Shares of One 97 Communications Ltd, parent of fintech firm Paytm, have been in focus amid news flow around the potential valuation of PhonePe’s upcoming public issue. The interest is understandable: Paytm is the closest listed comparable peer to PhonePe. Both fintech firms began by facilitating consumer and merchant payments through UPI before expanding into the distribution of financial products such as loans and insurance broking.
In a recent report, analysts at Macquarie Capital Securities said Paytm compares favourably with PhonePe as it is already profitable at the Ebitda level and could therefore see a re-rating.

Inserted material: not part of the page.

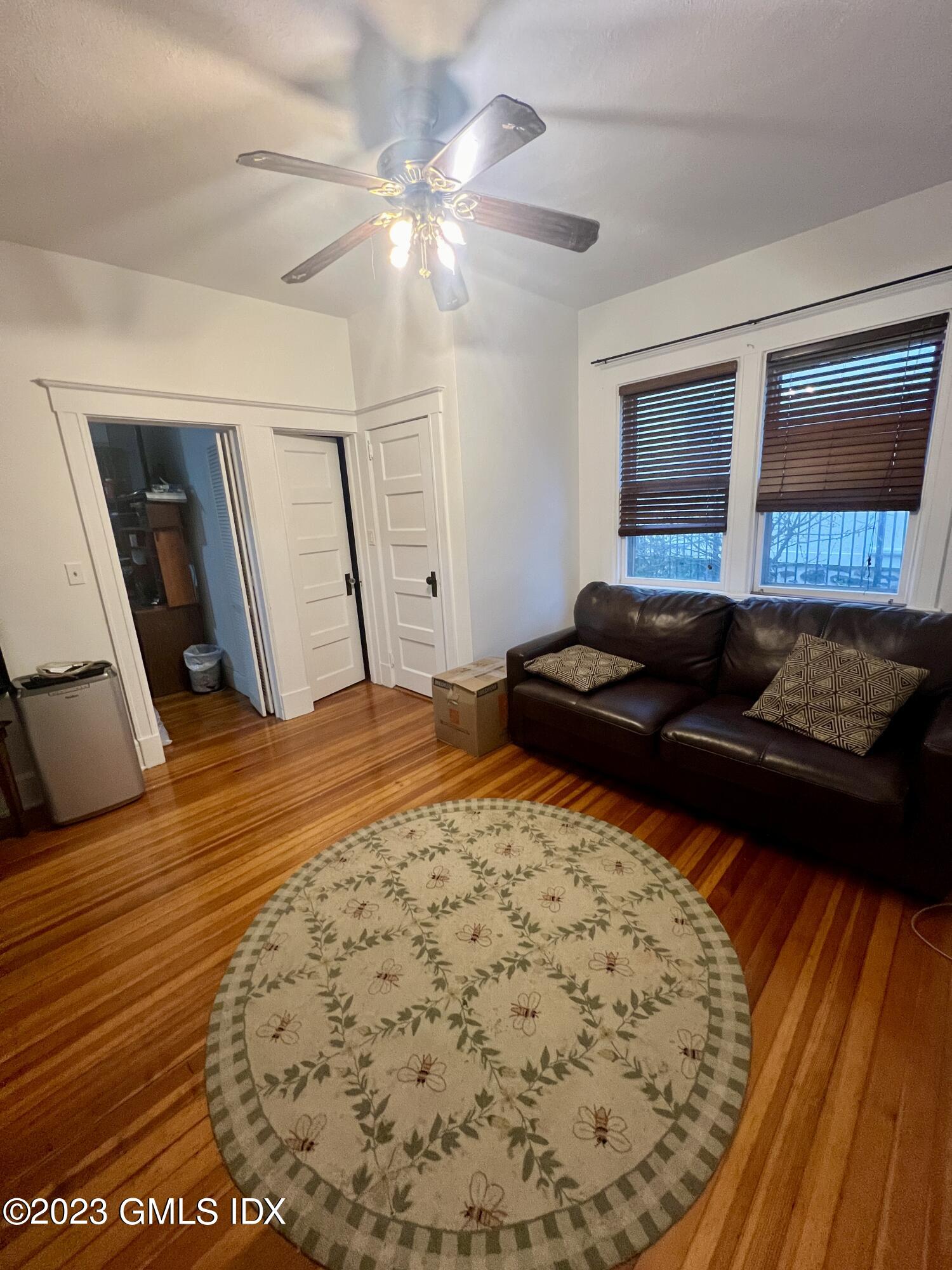 293 Delavan Avenue, 1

Paytm’s market capitalization currently stands at about ₹77,000 crore, while PhonePe is reportedly considering a valuation of $15 billion, or around ₹1.35 trillion assuming a dollar-rupee exchange rate of 90. Since PhonePe remains loss-making at the Ebitda level, a market-cap-to-revenue comparison is more relevant. Annualizing H1FY26 net revenue (half-year ended September) implies an mcap-to-revenue multiple of about 10x for Paytm compared with 17x for PhonePe, a seemingly reasonable observation.

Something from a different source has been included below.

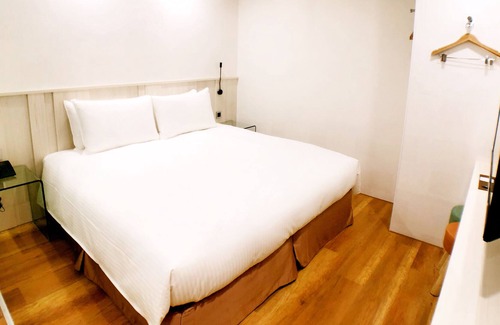 Zhongzheng Hotel | APause Inn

Still, investors should weigh two key risks before placing their bets on Paytm.
First, the valuation gap between the two companies may not necessarily narrow in Paytm’s favour. A comparable example is Billionbrains Garage Ventures Ltd (Groww) and Angel One Ltd. When Groww launched its public issue, Angel One was the only prominent listed discount brokerage. Yet, Groww continues to trade at a substantial premium to Angel One. Based on Bloomberg consensus estimates, Groww trades at 29x FY28 earnings per share compared with 16x for Angel One. Perhaps, the Street believes that Groww will continue to grow faster even beyond FY28.

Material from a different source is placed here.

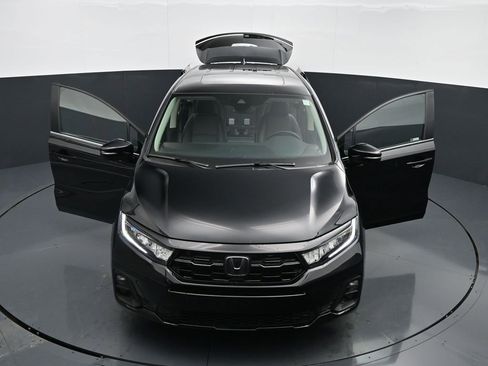 Used 2026 Honda Odyssey Touring image 40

Another reason for Groww’s continued premium over Angel One could be its much larger NSE active customer base of about 12 million, compared with the latter’s 7 million. Higher customer base allows for more cross-selling opportunities of financial products.
A similar argument could justify a premium valuation for PhonePe over Paytm. PhonePe has around 238 million monthly active customers and 46% market share by transaction volume in FY26 so far. These figures for Paytm stand at 76 million and 7%, respectively. So, just like Groww, PhonePe has a bigger opportunity than Paytm to cross sell. In fact, Macquarie notes that PhonePe has been gaining ground in the distribution business in recent years, narrowing the gap with Paytm.
Paytm’s H1FY26 distribution revenues were 2x of PhonePe compared with 10x in FY24. If PhonePe continues to be aggressive, competitive intensity could heighten for Paytm, hurting its profit margin. Paytm derives nearly 30% of its revenue from distribution.
The second risk factor is Paytm’s absolute valuation by itself is already rich. While a relative comparison has been made above on mcap-to-revenue, Paytm’s EV/Ebitda multiple is 32x, based on the FY28 Bloomberg consensus estimate.
Sure, there is a looming threat to PhonePe’s market share from the National Payments Corp. of India, which may cap the market share of a single UPI app to 30% of total transaction volume after 2026 to lower concentration risk. But if such a cap is implemented, Paytm won’t be the only one to grab the space vacated by PhonePe as there are several others including Jio Financial.
To be sure, Macquarie, too, is not bullish on Paytm’s absolute valuation as it has a ‘Neutral’ rating on the stock. It is only saying: Paytm’s current valuation appears lower than implied valuation for PhonePe.